_What the exercise asks_: Restate the listing below exactly, images excluded.

_Provided records_:
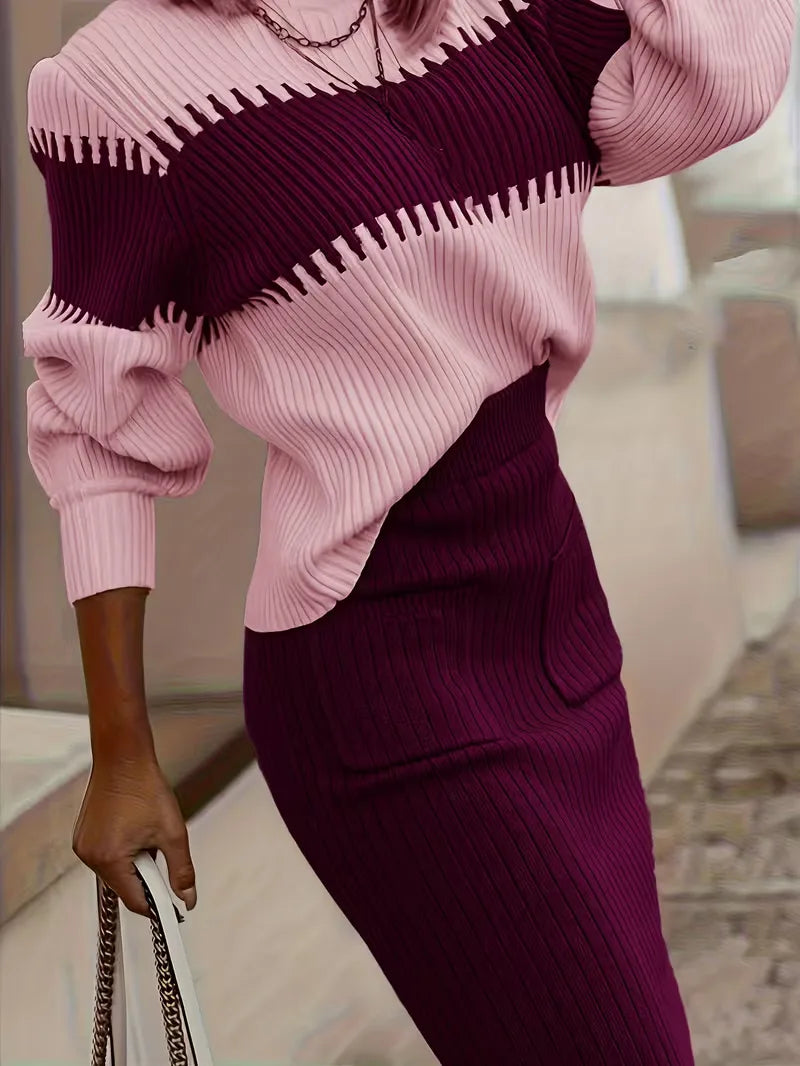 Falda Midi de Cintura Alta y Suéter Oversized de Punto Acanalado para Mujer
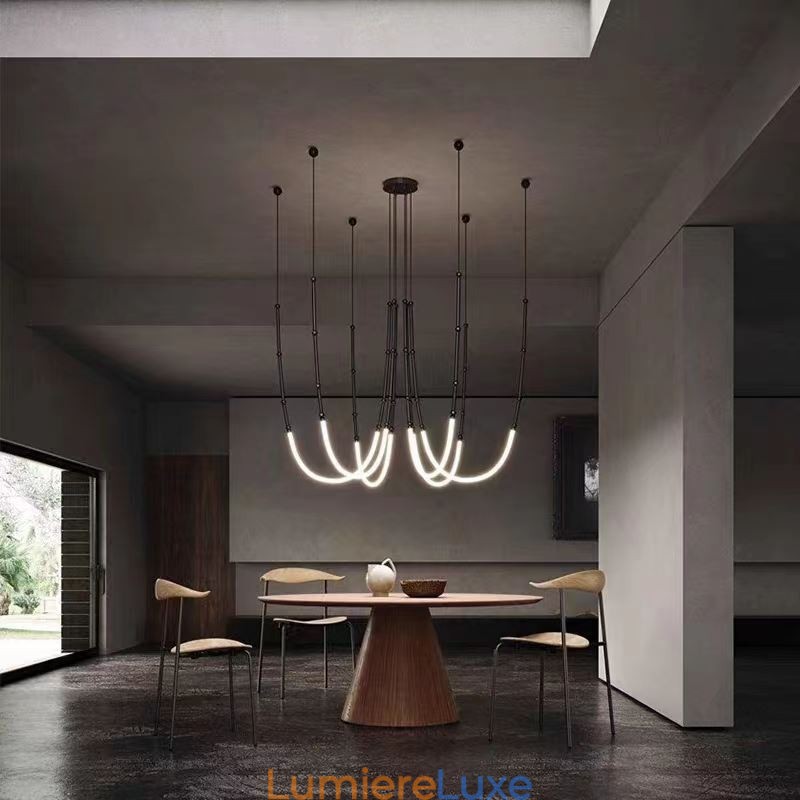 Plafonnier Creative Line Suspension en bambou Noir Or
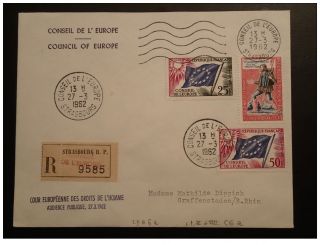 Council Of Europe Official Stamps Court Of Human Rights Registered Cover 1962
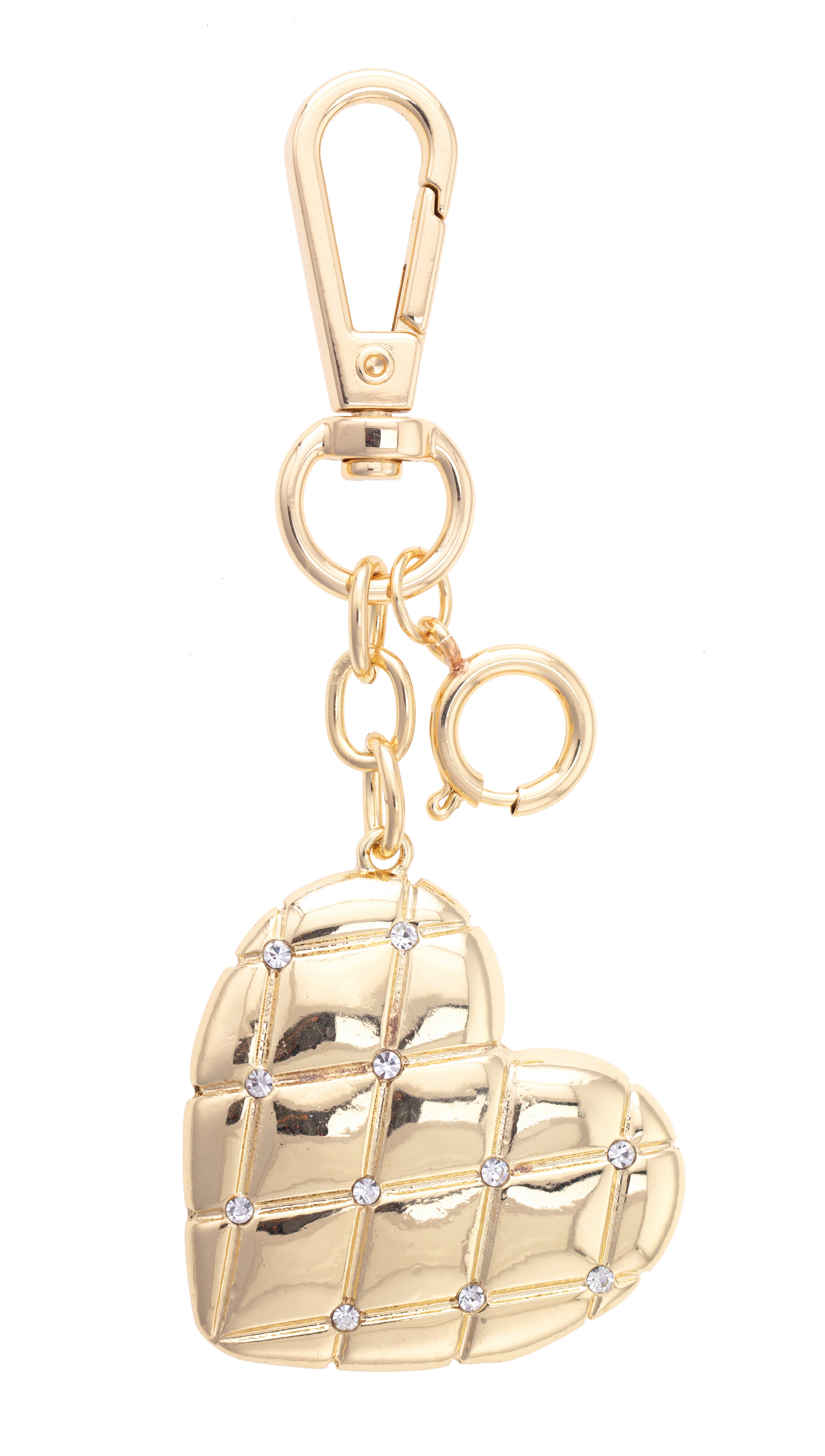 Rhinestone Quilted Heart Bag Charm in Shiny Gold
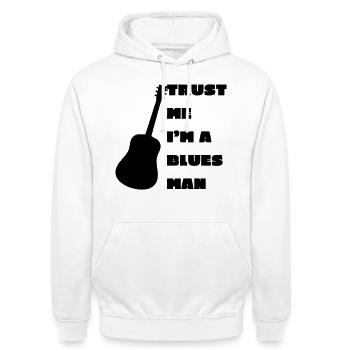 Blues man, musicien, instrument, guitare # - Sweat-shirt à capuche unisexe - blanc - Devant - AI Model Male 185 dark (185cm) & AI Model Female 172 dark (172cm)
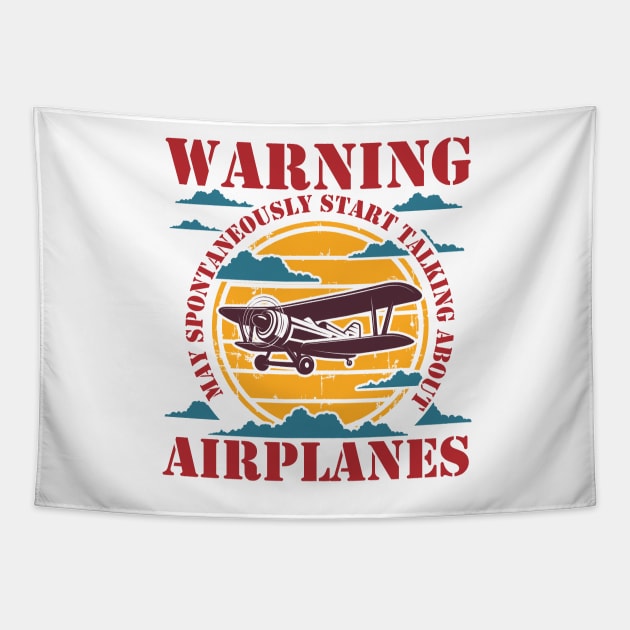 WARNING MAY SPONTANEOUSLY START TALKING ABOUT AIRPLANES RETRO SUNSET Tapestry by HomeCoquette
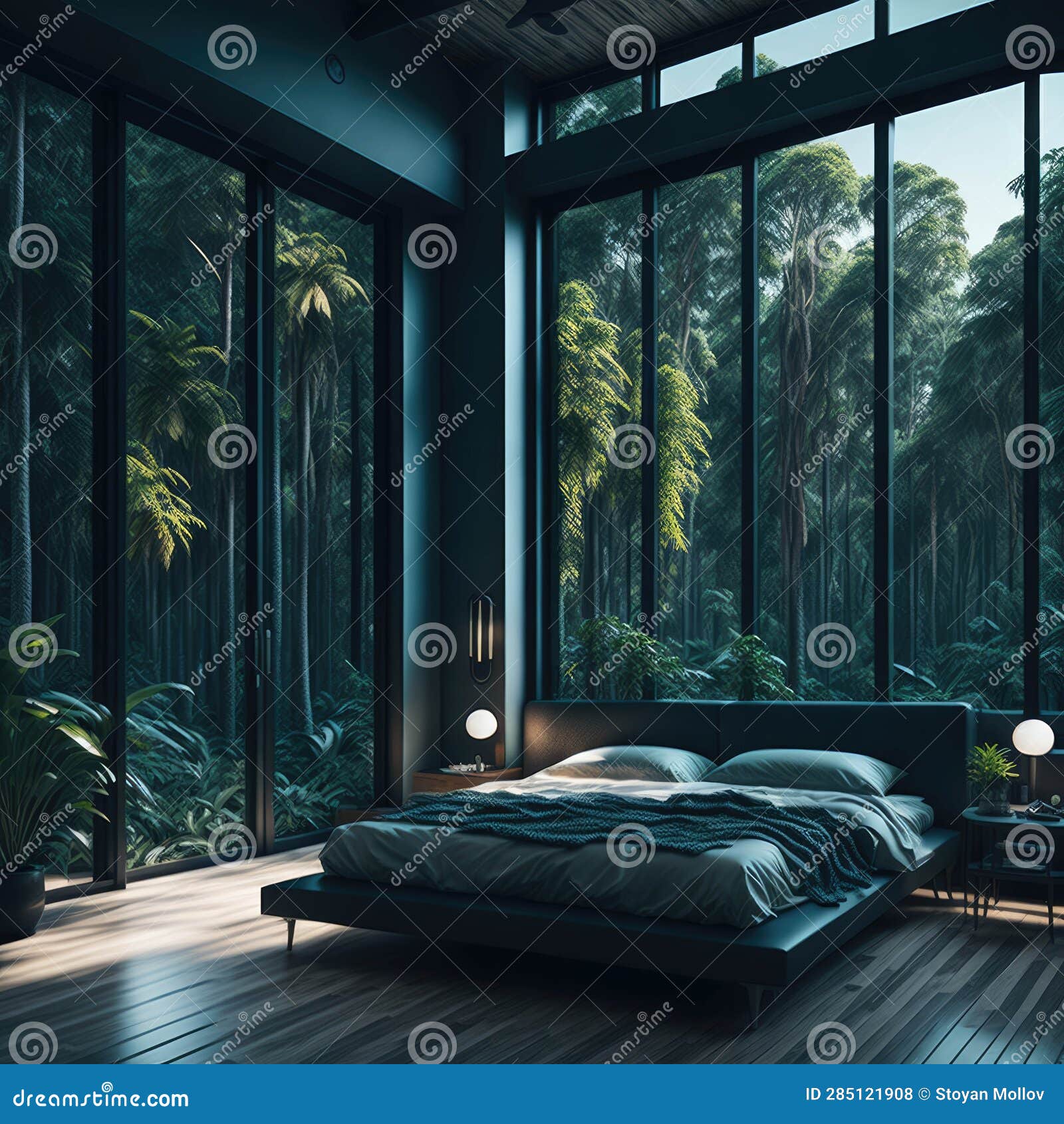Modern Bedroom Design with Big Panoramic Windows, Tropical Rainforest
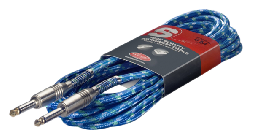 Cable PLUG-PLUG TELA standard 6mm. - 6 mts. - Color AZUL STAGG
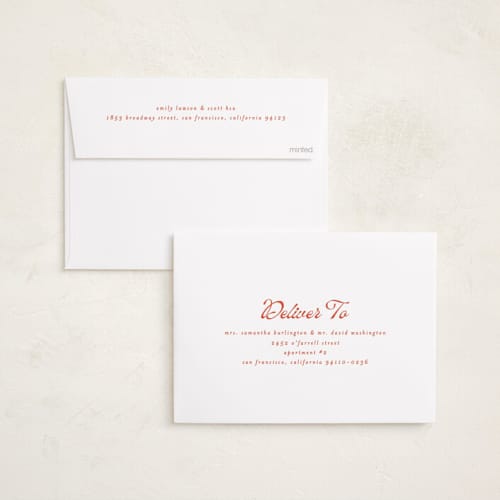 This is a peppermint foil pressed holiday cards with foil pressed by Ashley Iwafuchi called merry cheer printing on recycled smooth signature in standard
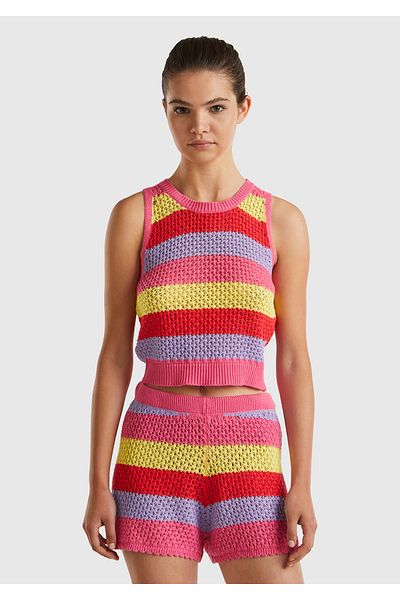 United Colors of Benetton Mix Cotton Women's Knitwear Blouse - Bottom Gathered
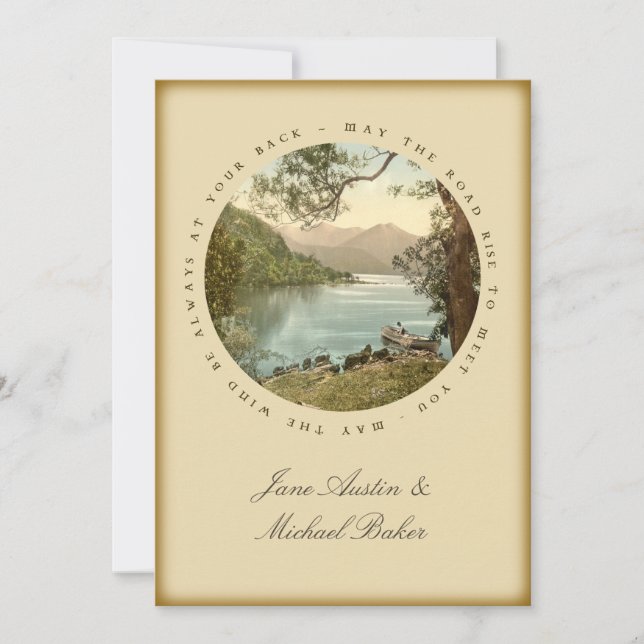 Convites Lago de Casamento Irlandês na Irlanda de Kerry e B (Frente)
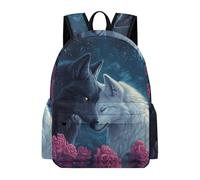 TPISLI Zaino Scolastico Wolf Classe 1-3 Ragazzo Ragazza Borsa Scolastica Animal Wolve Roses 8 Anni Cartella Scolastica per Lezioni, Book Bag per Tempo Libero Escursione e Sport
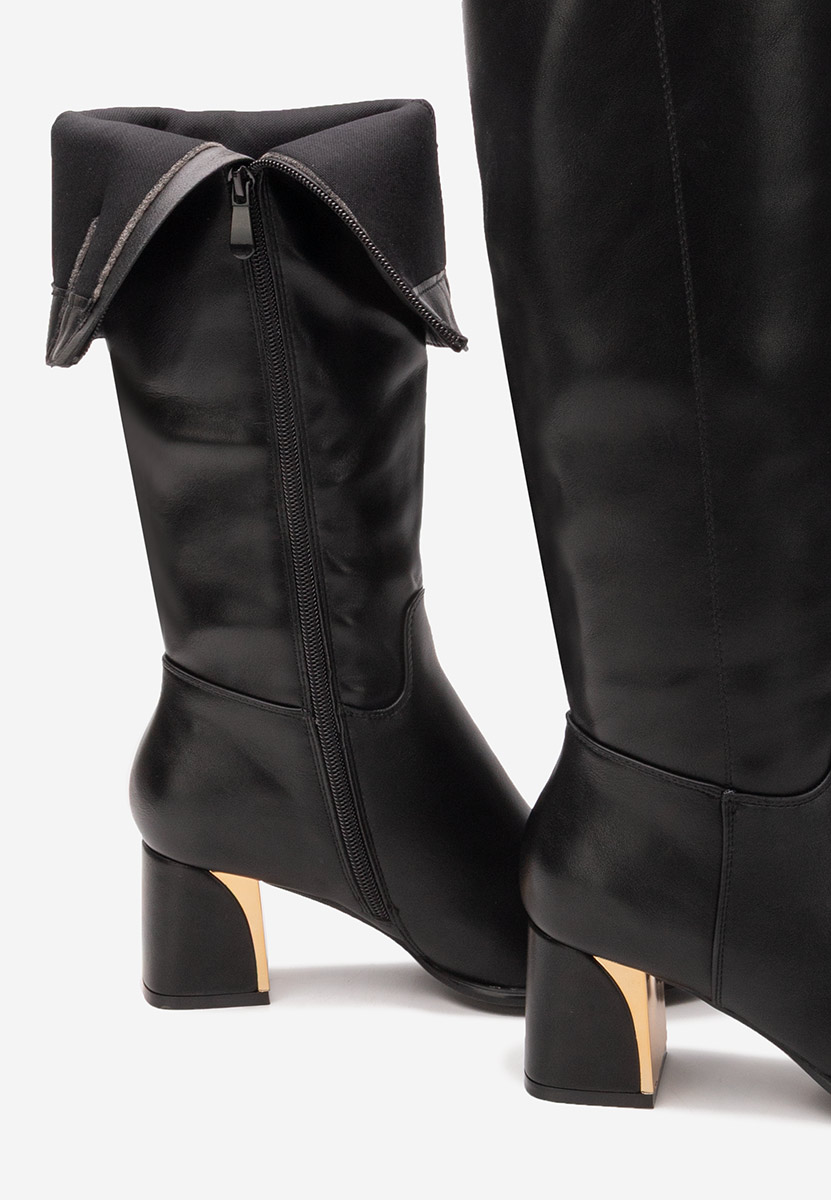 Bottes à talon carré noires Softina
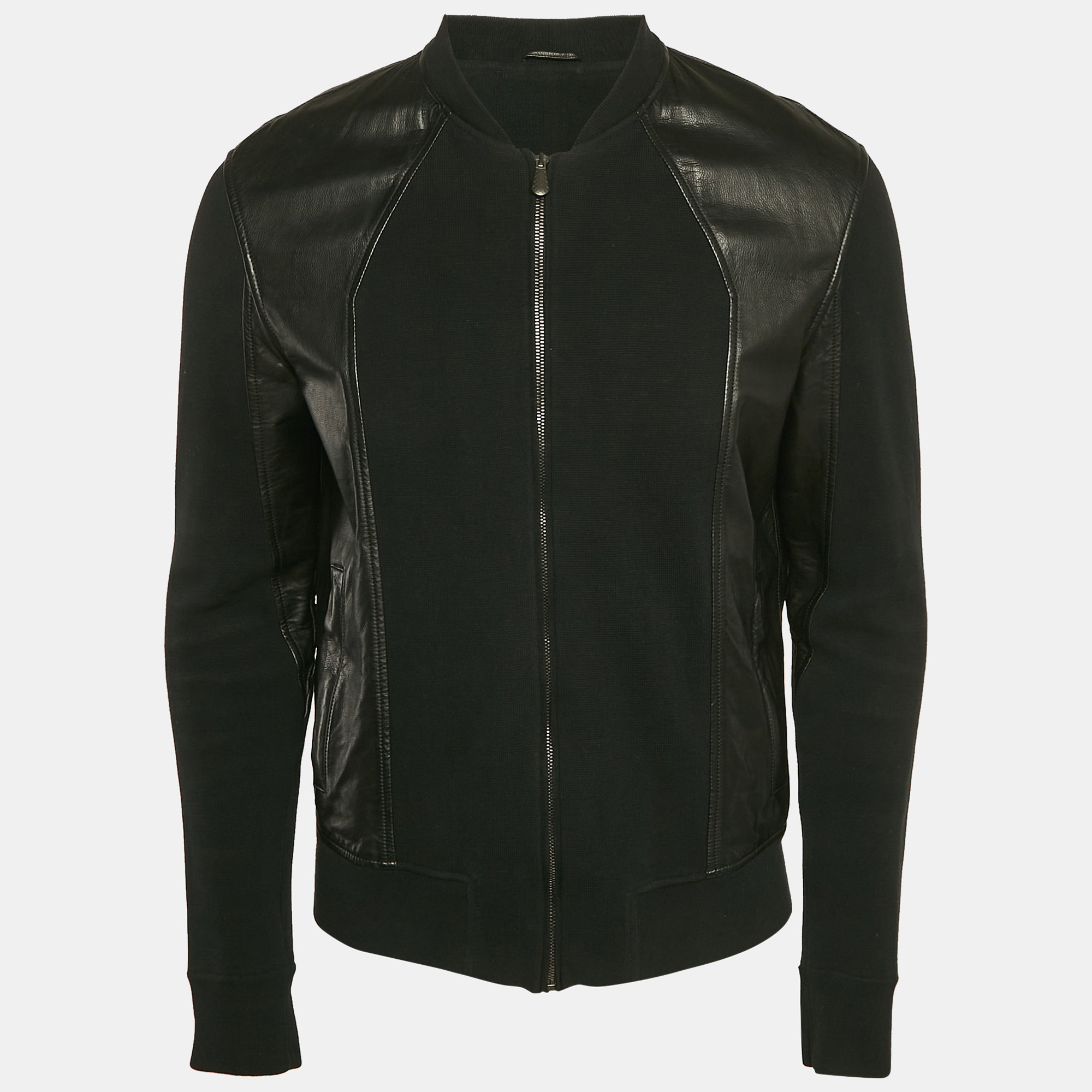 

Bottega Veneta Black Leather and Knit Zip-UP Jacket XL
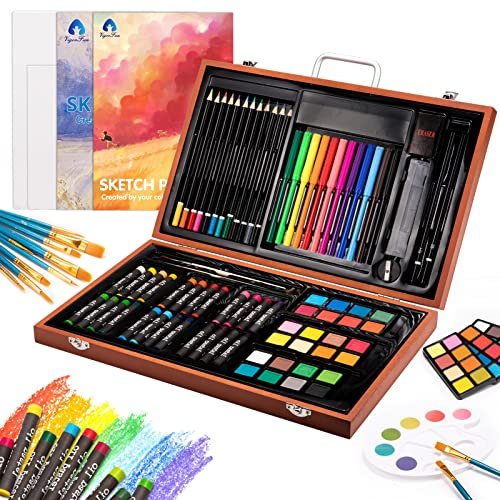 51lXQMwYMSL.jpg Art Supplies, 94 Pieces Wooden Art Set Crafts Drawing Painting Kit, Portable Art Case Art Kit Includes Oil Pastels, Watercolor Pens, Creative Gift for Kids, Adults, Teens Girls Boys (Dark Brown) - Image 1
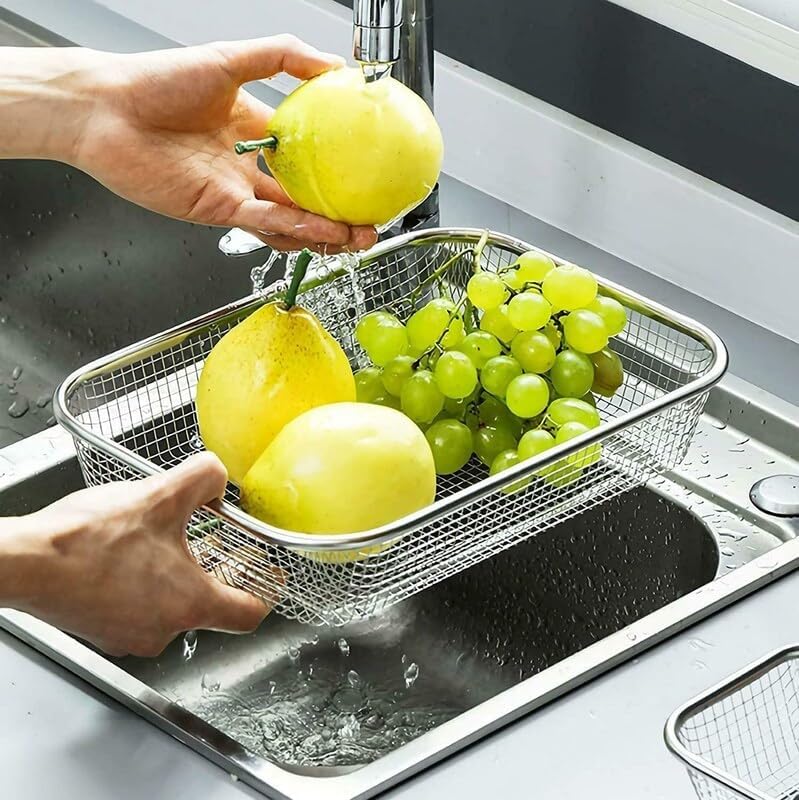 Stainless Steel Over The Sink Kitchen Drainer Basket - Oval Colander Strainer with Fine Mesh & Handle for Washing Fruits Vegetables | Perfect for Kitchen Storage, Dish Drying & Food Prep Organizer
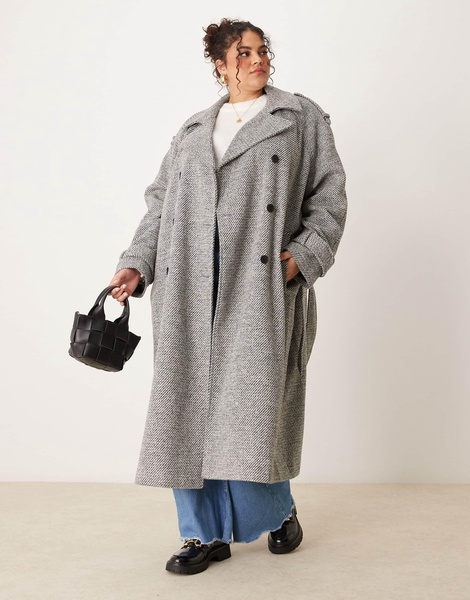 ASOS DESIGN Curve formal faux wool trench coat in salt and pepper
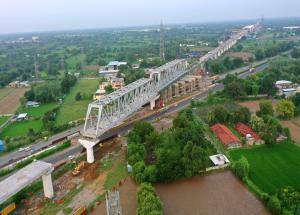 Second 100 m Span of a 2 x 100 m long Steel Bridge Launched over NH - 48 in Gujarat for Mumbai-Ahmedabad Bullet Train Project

_Answer section_:
 Falda Midi de Cintura Alta y Suéter Oversized de Punto Acanalado para Mujer
 Plafonnier Creative Line Suspension en bambou Noir Or
 Council Of Europe Official Stamps Court Of Human Rights Registered Cover 1962
 Rhinestone Quilted Heart Bag Charm in Shiny Gold
 Blues man, musicien, instrument, guitare # - Sweat-shirt à capuche unisexe - blanc - Devant - AI Model Male 185 dark (185cm) & AI Model Female 172 dark (172cm)
 WARNING MAY SPONTANEOUSLY START TALKING ABOUT AIRPLANES RETRO SUNSET Tapestry by HomeCoquette
Modern Bedroom Design with Big Panoramic Windows, Tropical Rainforest
 Cable PLUG-PLUG TELA standard 6mm. - 6 mts. - Color AZUL STAGG
 This is a peppermint foil pressed holiday cards with foil pressed by Ashley Iwafuchi called merry cheer printing on recycled smooth signature in standard
 United Colors of Benetton Mix Cotton Women's Knitwear Blouse - Bottom Gathered
 Convites Lago de Casamento Irlandês na Irlanda de Kerry e B (Frente)
 TPISLI Zaino Scolastico Wolf Classe 1-3 Ragazzo Ragazza Borsa Scolastica Animal Wolve Roses 8 Anni Cartella Scolastica per Lezioni, Book Bag per Tempo Libero Escursione e Sport
 Bottes à talon carré noires Softina

Bottega Veneta Black Leather and Knit Zip-UP Jacket XL
 51lXQMwYMSL.jpg Art Supplies, 94 Pieces Wooden Art Set Crafts Drawing Painting Kit, Portable Art Case Art Kit Includes Oil Pastels, Watercolor Pens, Creative Gift for Kids, Adults, Teens Girls Boys (Dark Brown) - Image 1
 Stainless Steel Over The Sink Kitchen Drainer Basket - Oval Colander Strainer with Fine Mesh & Handle for Washing Fruits Vegetables | Perfect for Kitchen Storage, Dish Drying & Food Prep Organizer
 ASOS DESIGN Curve formal faux wool trench coat in salt and pepper
 Second 100 m Span of a 2 x 100 m long Steel Bridge Launched over NH - 48 in Gujarat for Mumbai-Ahmedabad Bullet Train Project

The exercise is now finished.